Nieuws

Hogescholen willen meer vwo’ers trekken

De hogescholen willen ervoor zorgen dat vwo’ers weer vaker voor een hbo-opleiding kiezen, zei voorzitter Thom de Graaf van de Vereniging Hogescholen vandaag in een toespraak op het jaarcongres.

Het is een van de dingen die de hogescholen willen aanpakken, vertelde hij in het bijzijn van minister Van Engelshoven. ‘Universiteiten zuchten onder vwo’ers die daar eigenlijk niet thuishoren omdat ze niet wetenschappelijk zijn gemotiveerd, ik hoorde het de afscheidnemende rector magnificus van de Universiteit Utrecht onlangs zeggen.’

Langgekoesterde wens
Hij verwijst naar Bert van der Zwaan, die al jaren zegt dat veel vwo’ers beter naar het hbo kunnen gaan en dit standpunt nog eens onderstreepte toen hij afscheid nam als rector magnificus van de Universiteit Utrecht.

Het is een langgekoesterde wens om weer meer vwo’ers naar het hbo te halen, maar het lijken er de laatste jaren juist minder te worden. ‘Laten we er dan samen voor zorgen dat vwo’ers die praktisch zijn ingesteld maar wel graag willen leren, hun weg naar een topopleiding op de hogeschool weten te vinden’, zei De Graaf.

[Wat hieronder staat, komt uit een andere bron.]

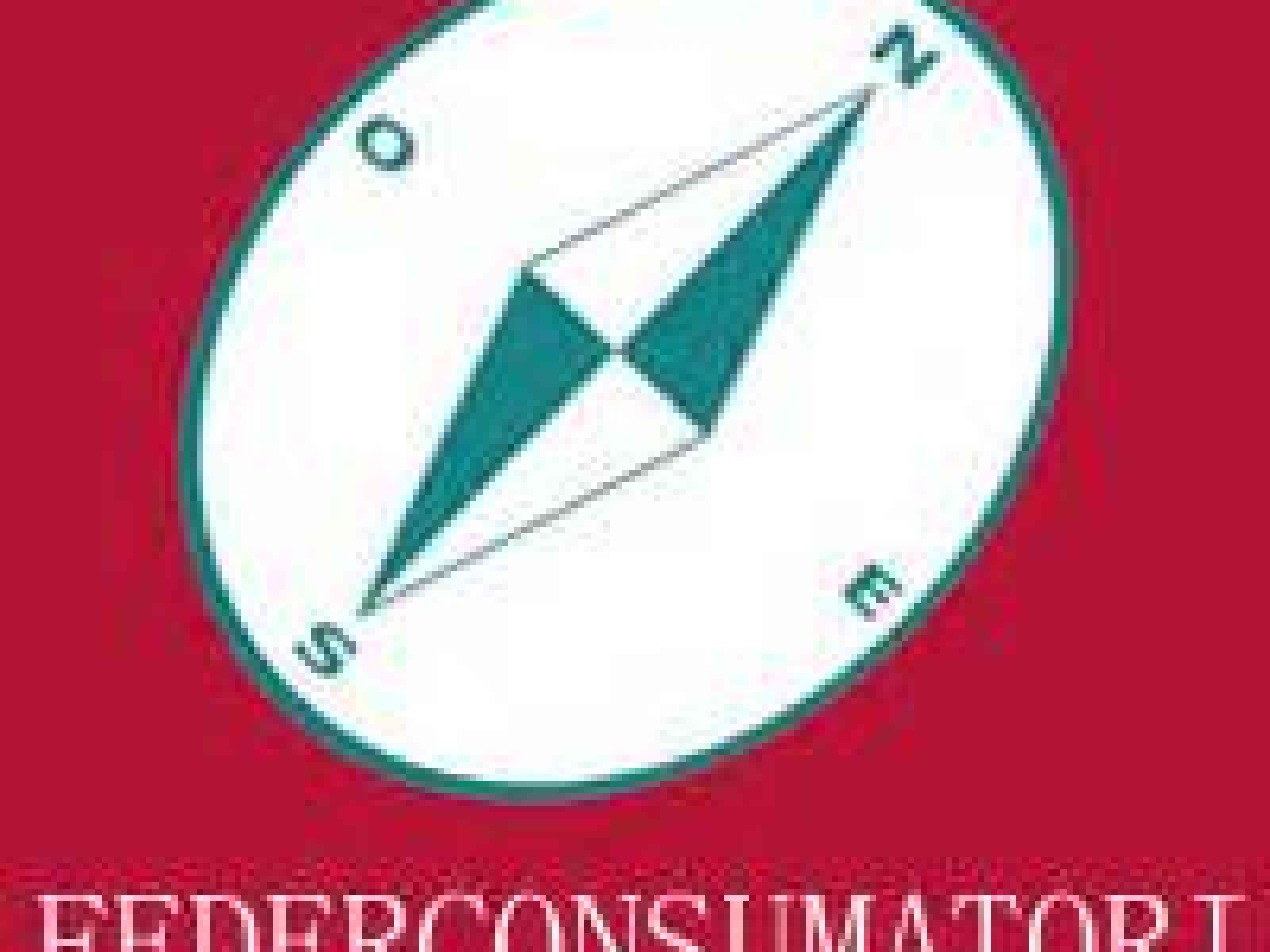 Federconsumatori e contratti telefonici capestro. Due saccensi ottengono indennizzo.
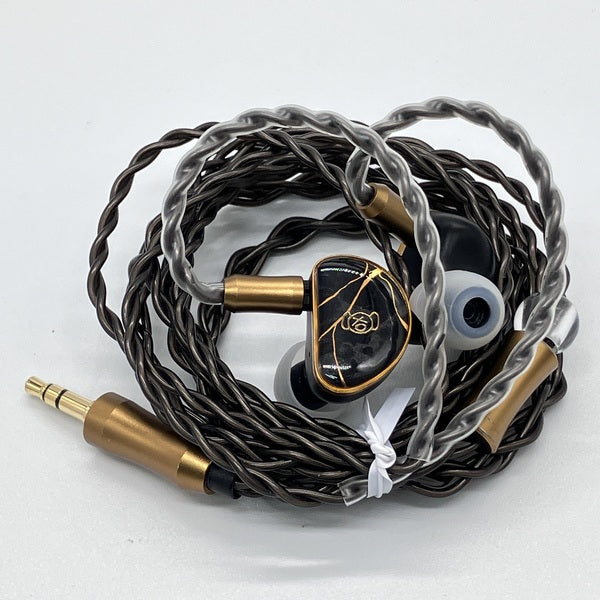 Hi-Unit 【中古】Hi-Unit 003-pnk (ピエール中野モデル/有線ピヤホン5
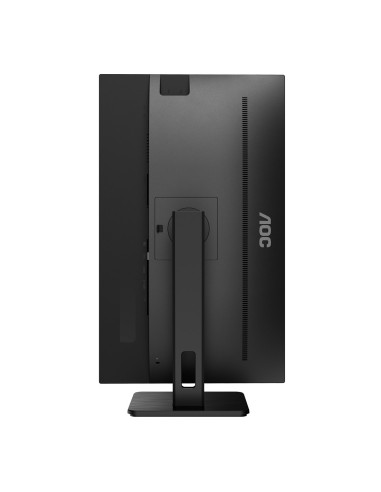 Monitor Aoc Led 23,8" 24P2Qm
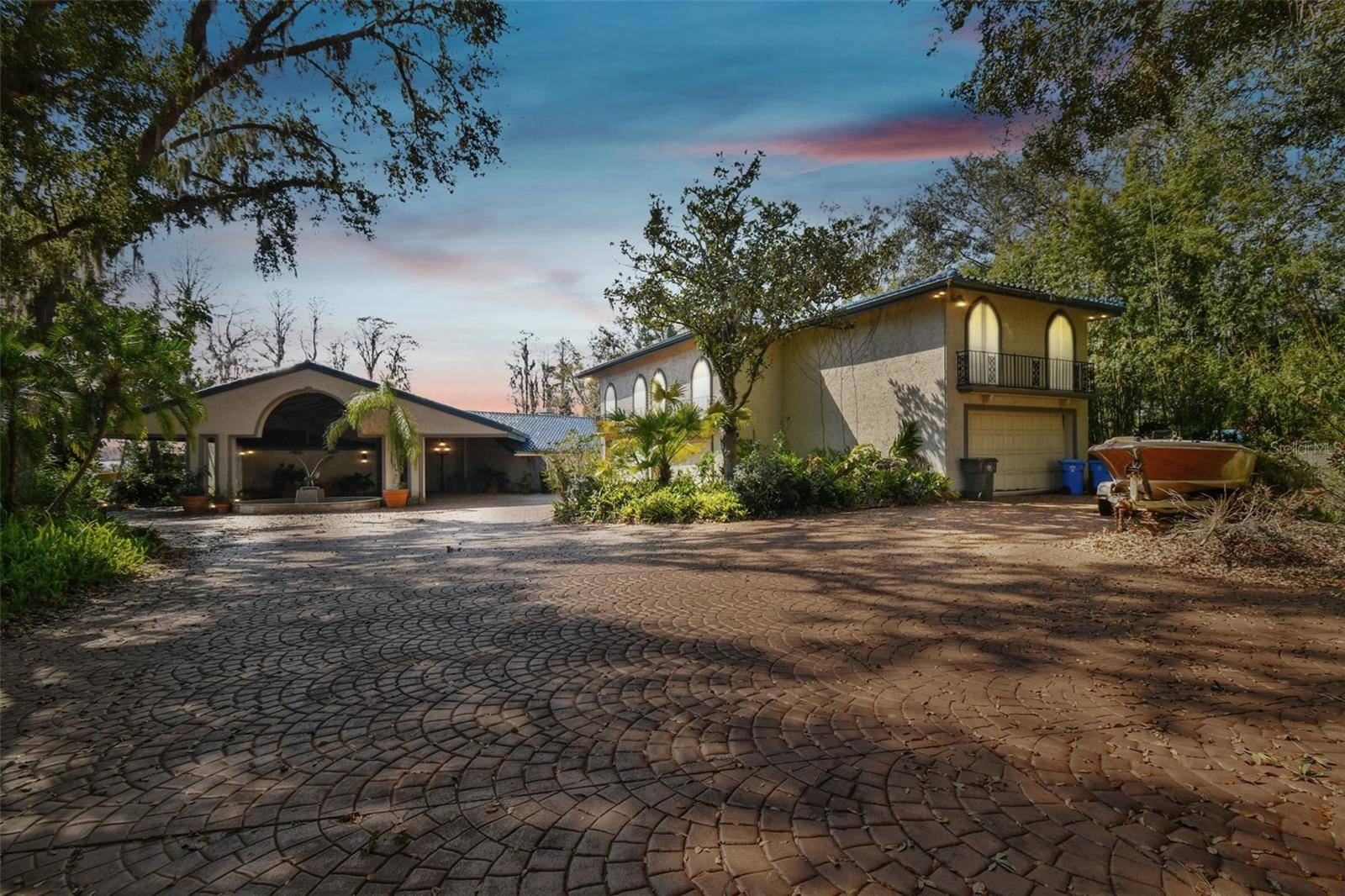 Odessa, FL 33556,8510 LAYS COVE PL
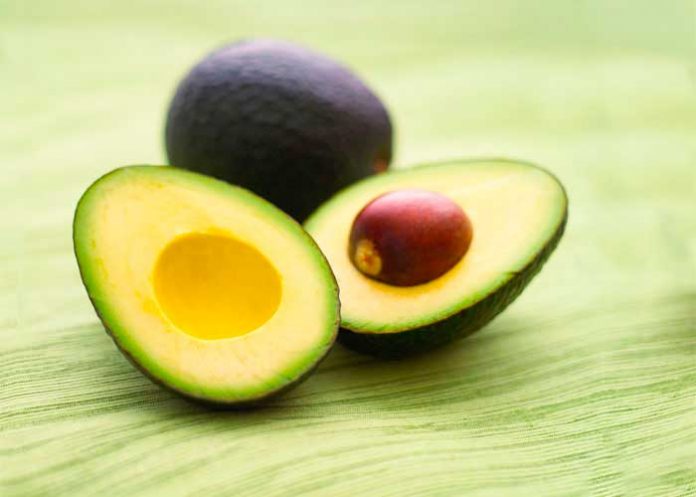 aguacate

Hij complimenteerde minister Van Engelshoven met haar keuze om hogescholen en universiteiten vooral zelf te laten bepalen wat ze belangrijk vinden in het onderwijs. Ze mogen samen met de medezeggenschap eigen ‘kwaliteitsafspraken’ maken. ‘Meer docenten, meer begeleiding in het eerste jaar, meer ruimte voor studenten om bij te dragen aan onderzoek, dat wordt nergens anders bepaald dan in de schoolgemeenschap zelf. En zo hoort dat ook.’

Veel handwerk
Het is helemaal niet vanzelfsprekend dat het hoger onderwijs zoveel ruimte krijgt. De Graaf waarschuwde dat het nog ‘veel handwerk’ zal vergen in Den Haag ‘om politici, ambtenaren en belangenlobby’s te weerhouden van regelzucht en sturingsdrift’.

Rode draad in zijn toespraak was overigens een lied van popgroep De Dijk, We beginnen pas. ‘Ik luister er vaak naar, een beetje mijn lijflied’, zei hij. ‘We zijn er nog niet, maar we zijn onderweg. We beginnen pas.’